A volcano, you say? It turns out there was an eruption in Chile days before, and I was clueless about it until this afternoon. If it had blown a few days earlier, this blog would be about me going to the mall in Wellington, FL. All the flights in and out are canceled and there are some Yankees here at the hotel who can't go home. If it had blown next week, I wouldn't have been able to go down to Patagonia. (assuming it's a one-blower). It's so nice when the planets align on my behalf! I owe that volcano a virgin.
Pretty much today was the second act of my bus ride. This featured a flat tire (more than one, I think), more peeing from the neighbor lady, a "hmph" breakfast, and a much less disorienting arrival. Now that I've ridden each bus company's bus one time each, I feel I can offer the informed opinion that you should take Bariloche and not Crucero del Norte. Unless you prefer bus whiskey to bus wine.

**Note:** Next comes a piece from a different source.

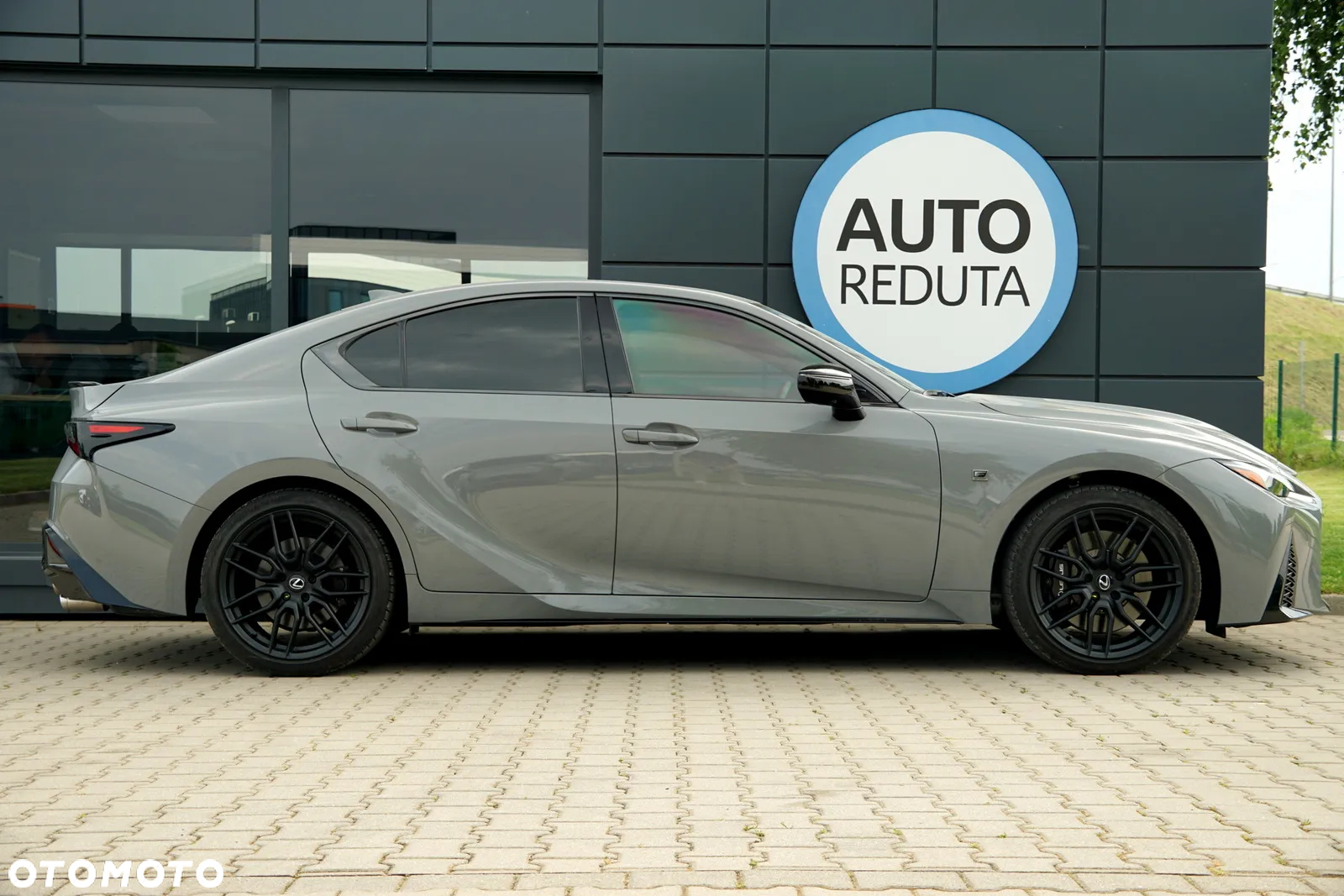 Lexus Inny - 9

I felt pretty confident about the Retiro station layout, and made for the taxis right away. There was this guy near the taxi who did the following: met me at the headlight of the taxi, took the handle of my suitcase, opened the taxi door, and threw the suitcase into the taxi. Then he started trying to converse with me. "No comprende?" "Perdon?", "No habla", until finally I understood that he wanted a tip for his literal 4 seconds of labor. I gave him the equivalent of a quarter just to avoid making the ol' USA look bad.
Fortunately I had written down all the hotel info along with a sketch of a map, so the taxi driver and I got along great. This weird thing happened: at one point where we didn't move for a series of red lights, I noticed another cab driver right alongside us. He looked EXACTLY like my driver! They even scratched their bald heads the same - with their middle fingers. If I knew Spanish I would have pointed it out and probably offended him somehow.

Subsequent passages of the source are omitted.